Ainsi élaborée la peinture n’est plus une affaire de touches, elle devient une histoire de couches. On songe aux phrases de Diderot dans Salon de 1763 à propos de la peinture de Chardin : « Ce sont des couches …de couleurs appliquées les unes sur les autres et dont l’effet transpire de dessous en dessus. D’autre fois on dirait que c’est une vapeur qu’on a soufflée sur la toile ; ailleurs une écume légère qu’on y a jetée … » À la différence de la sensation haptique de Diderot pour qui la peinture de Chardin se brouillait quand il l’approchait et se recréait lorsqu’il s’éloignait le visiteur d’une exposition de Pat Steir éprouve de loin les rayonnements d’une lumineuse étendue finement colorée, ce n’est qu’en s’approchant qu’il découvre les innombrables linéaments dont l’accumulation constitue la surface de la toile.

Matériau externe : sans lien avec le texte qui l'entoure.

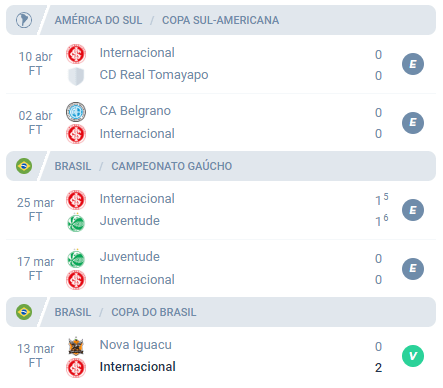Nas últimas 5 partidas, o Internacional alcançou Empate, Empate, Empate, Empate e Vitória.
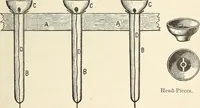 Picture 101 of 132 from A practical treatise on the manufacture of soap and candles .. (1888), leaf 606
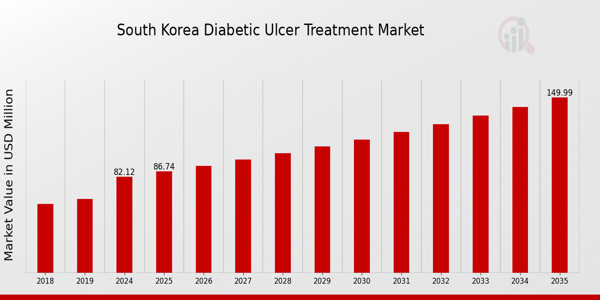 South Korea Diabetic Ulcer Treatment Market size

Devant ces toiles le regardeur n’est plus tenu à s’arrêter pour lire l’histoire et l’image, pour apprécier les subtilités de l’œuvre il doit passer latéralement — les vues de biais par lesquelles on peut voir le montant du châssis sont tout à fait édifiantes car c’est ainsi que s’exprime la densité des couleurs — et aussi s’approcher et reculer pour juger de la texture complexe de la peinture. Il assiste alors à la création d’un milieu, à l’installation d’une atmosphère, à la disparition des détails au profit d’une unité duelle. Bien que pour étendre la couleur on se passe des outils traditionnels comme le pinceau ou l’aérographe, les mélanges de teintes continuent d’assurer la substance de la peinture.

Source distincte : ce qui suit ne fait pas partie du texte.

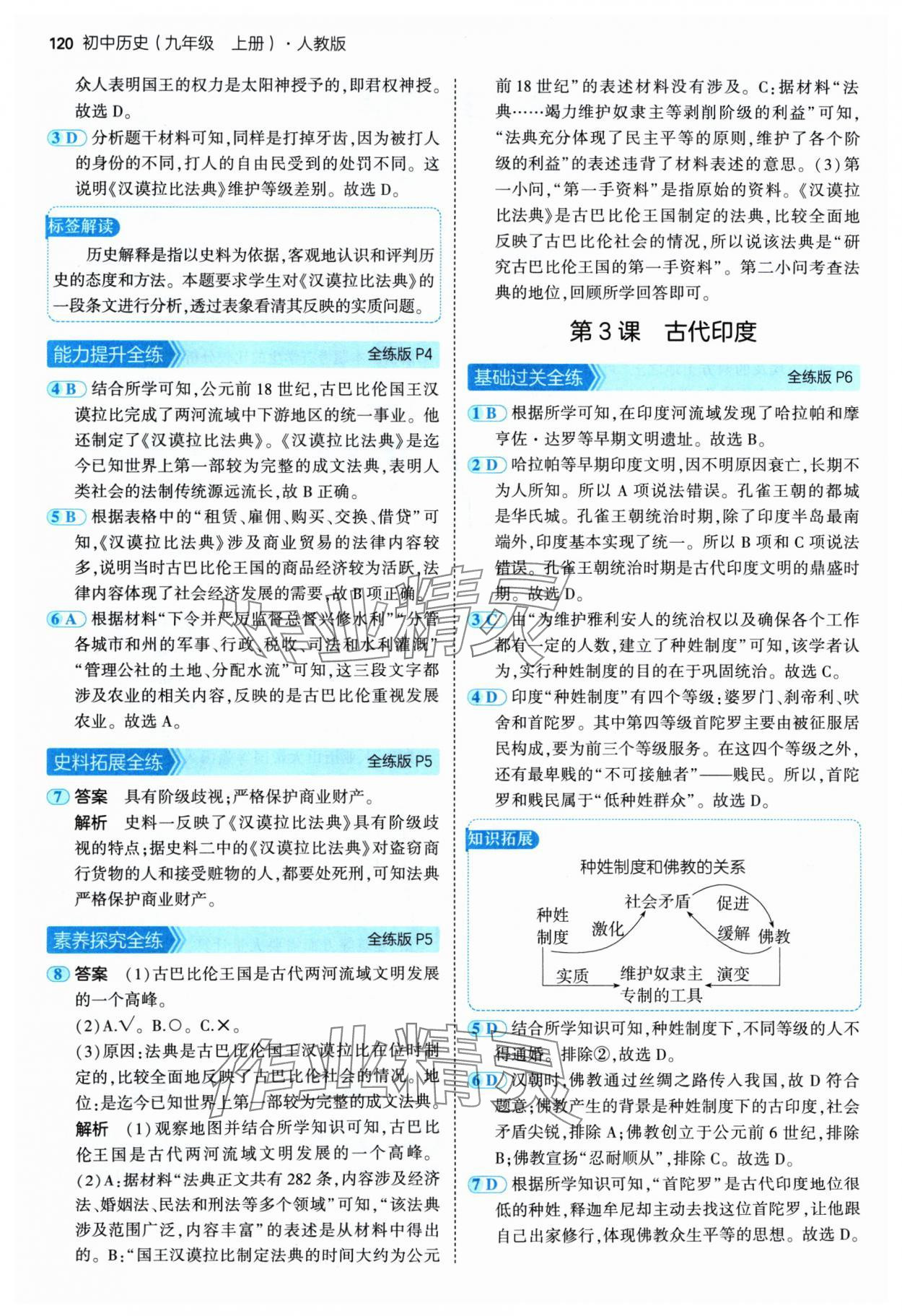 2024年5年中考3年模拟九年级历史上册人教版 参考答案第2页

Le choix de longue date de l’artiste américaine est celui de l’abstraction. Il n’y a pas de sujet dans ses toiles, assurément une « méthode », la coulée de couleur comme principe générateur, mais point de calculs, ni d’automatisme. Le hasard de légères déviances entraîne des apparences nouvelles. Dans ces dernières exposées à Paris, la composition s’avère on ne peu plus simple, binaire, 1+1 suffisent pour faire naître des mondes chaque fois différents.

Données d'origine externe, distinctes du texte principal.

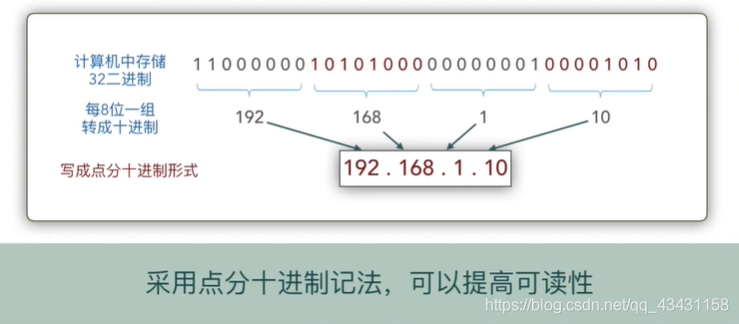 计算机网络_网络层_数据_12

Les peintures de Pat Steir échappent ainsi à la double tentation moderniste : celle de la planéité et du monochrome. Non seulement comme l’indiquent les titres des tableaux — Yellow and Black , 2009 ; Red and White, 2010 ; Black and Red Diptych, 2010 ; Silver and Black Square, 2008 — les échanges internes aux œuvres s’appuient sur des dialogues entre les parties droite et gauche mais dans chaque zone colorée les couches successives déversées installent un espace en profondeur même si, par rapport à des peintures antérieures de l’artiste, les effets d’espace sont moindres. Alors que dans des œuvres comme After the Fall IV, 2000, exposée en 2001 à la Galerie La pièce unique, Paris, les couches de peintures apparaissaient comme distinctes et distantes, dans ces créations récentes les effets de profondeurs internes à la peinture tendent à se réduire. À moyenne distance les flux de couleurs en cascade tentent à ne faire qu’une teinte. Il faut s’approcher pour découvrir toutes les subtiles nuances générant cette étonnante densité du noir ou ce beau gris nacré.

Pat Steir installe chaque peinture comme un lieu, un lieu de peinture où dialoguent hasard et volonté afin d’ouvrir le regard sur un espace autre, un espace définitivement indéfini afin de maintenir l’amateur, dans son parcours de l’exposition, toujours dans l’attente.